» DATA SHOWN:
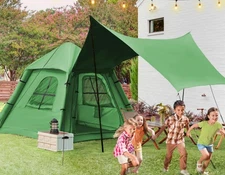 2-4 Persons Inflatable Camping Tent with Pump & Extended Canopy Easy Set-up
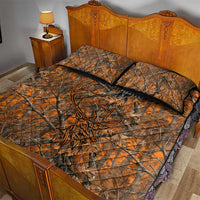 Personalized Deer Hunter Quilt Bed Set Antler Outline and Autumn Camouflage Hunting
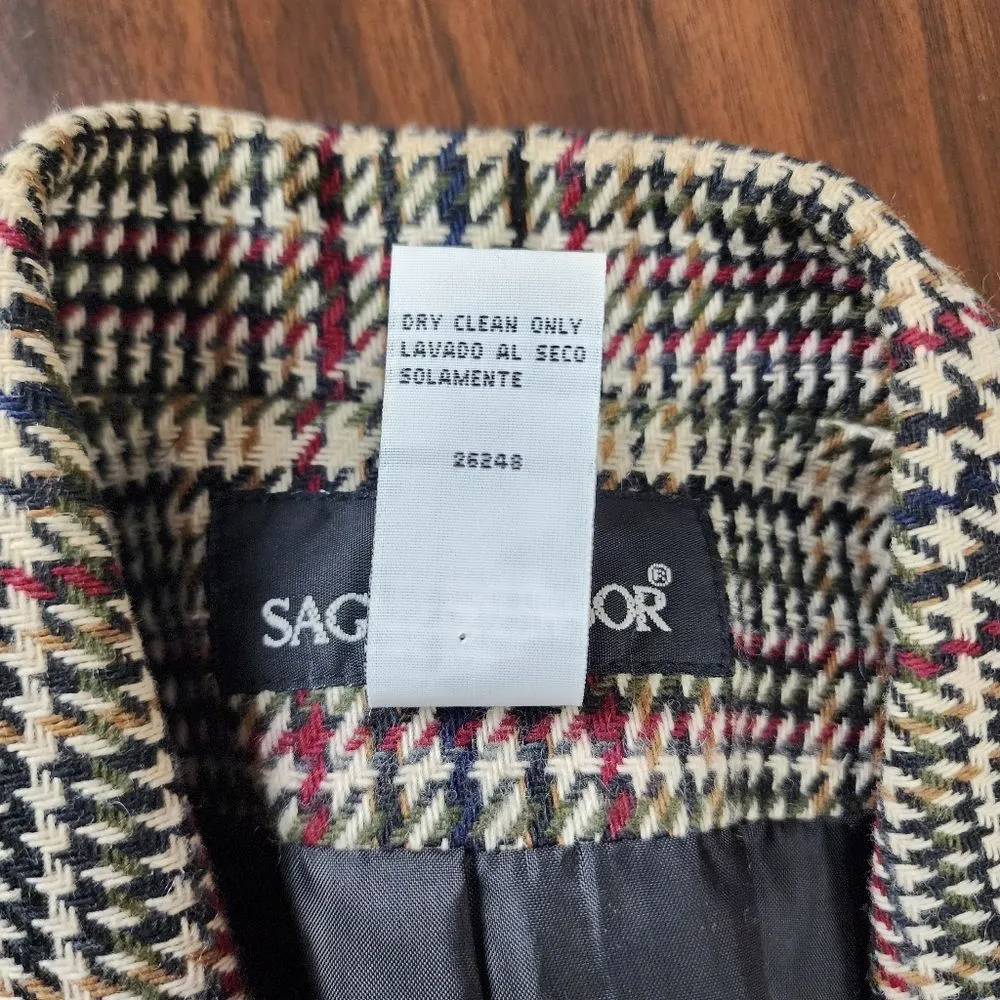 Sag Harbor Plaid Blazer Wool Blend Houndstooth Eclectic Grandpa Jacket Size 14 - Image 11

» ABOUT THIS TASK: With the pictures left out, give again exactly the lines from the one with "Personalized Deer Hunter" through the end of the data, both included.

» RESPONSE BELOW:
 Personalized Deer Hunter Quilt Bed Set Antler Outline and Autumn Camouflage Hunting
 Sag Harbor Plaid Blazer Wool Blend Houndstooth Eclectic Grandpa Jacket Size 14 - Image 11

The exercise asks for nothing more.